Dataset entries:
»»

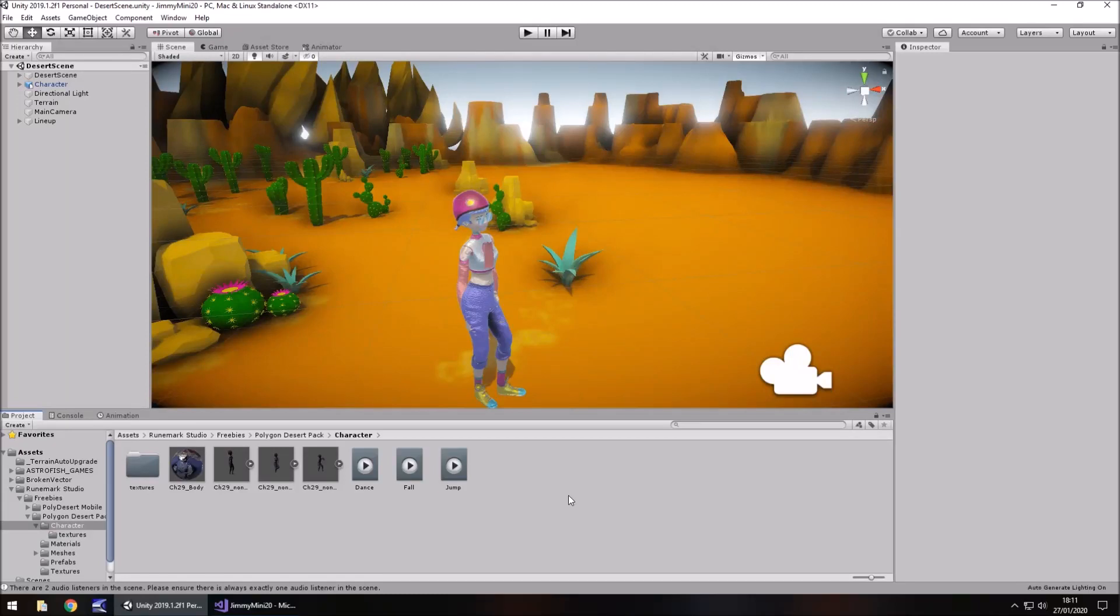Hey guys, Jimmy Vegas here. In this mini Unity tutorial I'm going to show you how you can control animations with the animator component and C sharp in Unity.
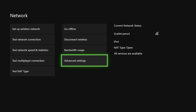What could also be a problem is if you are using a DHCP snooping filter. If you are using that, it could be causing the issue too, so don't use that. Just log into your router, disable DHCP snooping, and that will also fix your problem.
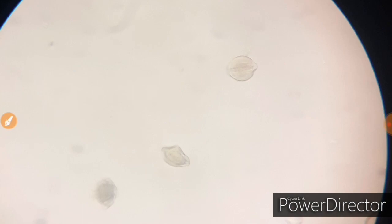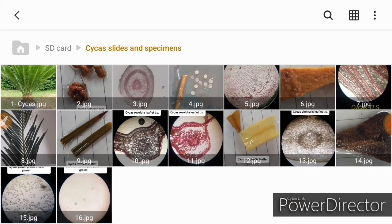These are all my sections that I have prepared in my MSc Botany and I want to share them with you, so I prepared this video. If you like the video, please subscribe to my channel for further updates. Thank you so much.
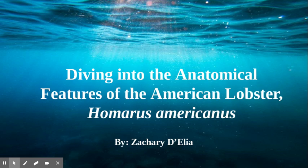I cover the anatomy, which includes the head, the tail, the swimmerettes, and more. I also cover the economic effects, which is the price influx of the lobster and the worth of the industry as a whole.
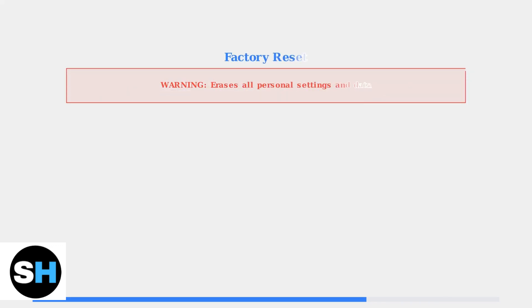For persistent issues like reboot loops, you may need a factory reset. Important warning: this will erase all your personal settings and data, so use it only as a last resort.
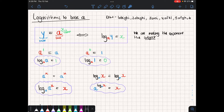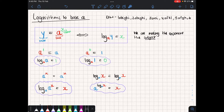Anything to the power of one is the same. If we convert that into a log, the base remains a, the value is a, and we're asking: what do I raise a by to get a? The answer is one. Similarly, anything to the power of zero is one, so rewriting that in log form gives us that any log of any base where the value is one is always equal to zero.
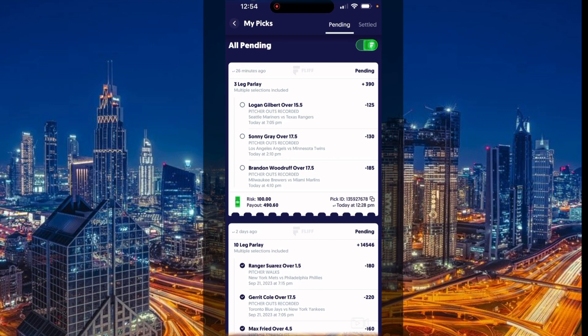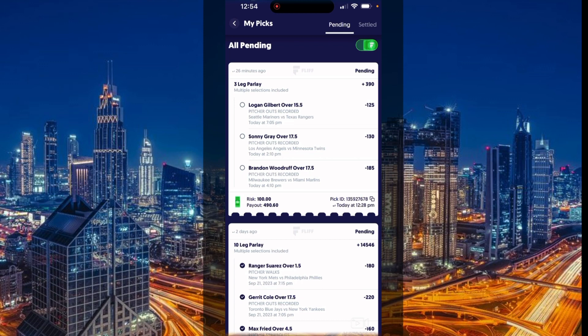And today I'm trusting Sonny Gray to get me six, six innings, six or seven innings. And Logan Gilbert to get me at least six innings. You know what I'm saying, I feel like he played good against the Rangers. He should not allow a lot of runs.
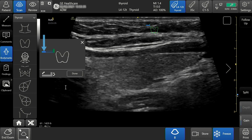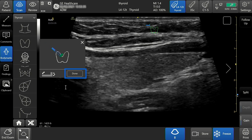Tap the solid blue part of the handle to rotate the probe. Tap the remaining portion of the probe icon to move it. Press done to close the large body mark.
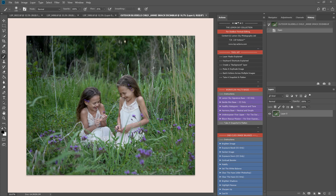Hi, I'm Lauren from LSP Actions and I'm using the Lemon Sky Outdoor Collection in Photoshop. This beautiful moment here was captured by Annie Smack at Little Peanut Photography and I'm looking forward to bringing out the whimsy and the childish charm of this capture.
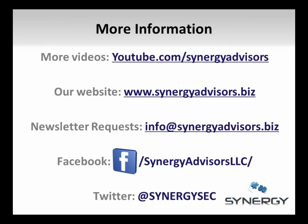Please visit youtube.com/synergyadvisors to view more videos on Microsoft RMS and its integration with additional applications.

««

Your objective:
Take only the lines above from the one that has "What could also" through the one that has "These are all" and reproduce them exactly, omitting any pictures.

The answer:
What could also be a problem is if you are using a DHCP snooping filter. If you are using that, it could be causing the issue too, so don't use that. Just log into your router, disable DHCP snooping, and that will also fix your problem.
These are all my sections that I have prepared in my MSc Botany and I want to share them with you, so I prepared this video. If you like the video, please subscribe to my channel for further updates. Thank you so much.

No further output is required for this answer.